▶ AIM OF THE TASK: In the data below, set down exactly the lines from the one containing "3 Bedroom Gorgeous In *" up to and including the one containing "Dans Notre Maison , Domessin France". Leave the pictures out.

▶ SUPPLIED INFORMATION:
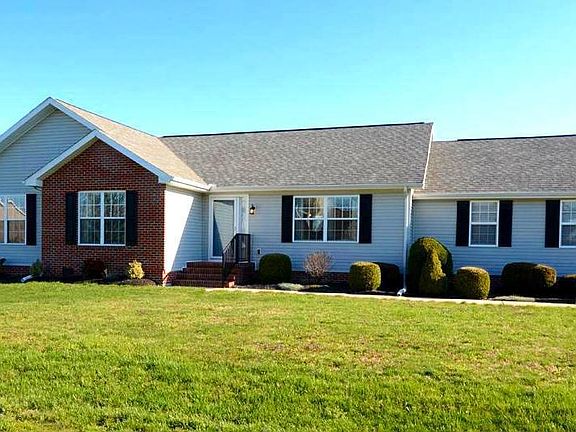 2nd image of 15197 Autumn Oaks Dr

---

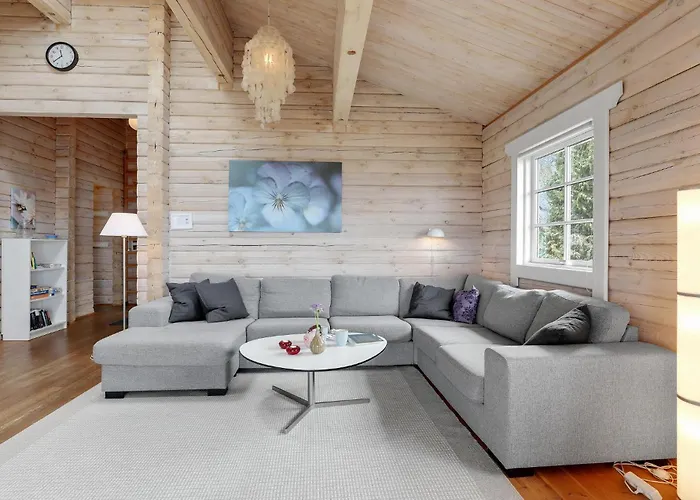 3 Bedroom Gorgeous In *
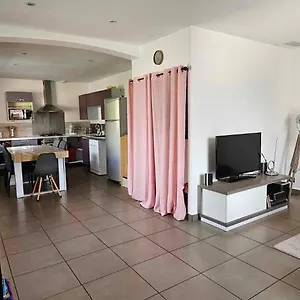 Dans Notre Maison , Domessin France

==

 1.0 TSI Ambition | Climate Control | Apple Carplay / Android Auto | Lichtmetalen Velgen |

▶ REPLY:
 3 Bedroom Gorgeous In *
 Dans Notre Maison , Domessin France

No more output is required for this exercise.